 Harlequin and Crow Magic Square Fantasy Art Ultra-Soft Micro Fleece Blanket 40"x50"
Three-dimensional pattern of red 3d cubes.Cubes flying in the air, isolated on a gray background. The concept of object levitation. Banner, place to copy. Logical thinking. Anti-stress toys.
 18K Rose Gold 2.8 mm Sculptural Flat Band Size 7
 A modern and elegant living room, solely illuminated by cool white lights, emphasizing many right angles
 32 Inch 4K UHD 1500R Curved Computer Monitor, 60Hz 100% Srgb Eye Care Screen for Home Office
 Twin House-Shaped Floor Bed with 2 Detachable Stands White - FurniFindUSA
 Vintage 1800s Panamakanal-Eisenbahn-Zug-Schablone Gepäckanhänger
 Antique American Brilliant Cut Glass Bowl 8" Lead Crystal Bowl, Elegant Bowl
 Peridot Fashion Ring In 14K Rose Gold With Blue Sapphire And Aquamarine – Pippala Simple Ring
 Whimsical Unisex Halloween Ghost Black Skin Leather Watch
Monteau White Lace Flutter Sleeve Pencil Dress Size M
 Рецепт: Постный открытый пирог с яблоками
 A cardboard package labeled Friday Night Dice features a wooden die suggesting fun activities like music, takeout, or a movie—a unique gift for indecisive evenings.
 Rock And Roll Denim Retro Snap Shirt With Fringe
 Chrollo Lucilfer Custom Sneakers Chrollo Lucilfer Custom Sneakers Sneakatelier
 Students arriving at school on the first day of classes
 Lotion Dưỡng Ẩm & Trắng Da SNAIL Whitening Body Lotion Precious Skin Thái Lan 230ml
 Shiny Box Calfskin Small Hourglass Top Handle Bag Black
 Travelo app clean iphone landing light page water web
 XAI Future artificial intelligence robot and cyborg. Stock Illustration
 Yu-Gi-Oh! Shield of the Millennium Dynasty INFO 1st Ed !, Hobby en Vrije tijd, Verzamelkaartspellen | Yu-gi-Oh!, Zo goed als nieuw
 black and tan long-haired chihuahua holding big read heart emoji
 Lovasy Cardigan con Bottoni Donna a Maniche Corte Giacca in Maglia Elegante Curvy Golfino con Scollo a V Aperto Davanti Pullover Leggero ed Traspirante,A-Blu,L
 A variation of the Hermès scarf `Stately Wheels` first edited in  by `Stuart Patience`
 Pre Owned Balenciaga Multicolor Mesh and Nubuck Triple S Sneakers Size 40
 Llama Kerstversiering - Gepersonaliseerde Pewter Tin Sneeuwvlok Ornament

= = = = =

WHAT YOU ARE ASKED TO DO
From the records above, reproduce exactly the lines from the one with "Рецепт: Постный открытый пирог с яблоками" to the one with "Rock And Roll", both included, and no others.

ANSWER FOR THE TASK
 Рецепт: Постный открытый пирог с яблоками
 A cardboard package labeled Friday Night Dice features a wooden die suggesting fun activities like music, takeout, or a movie—a unique gift for indecisive evenings.
 Rock And Roll Denim Retro Snap Shirt With Fringe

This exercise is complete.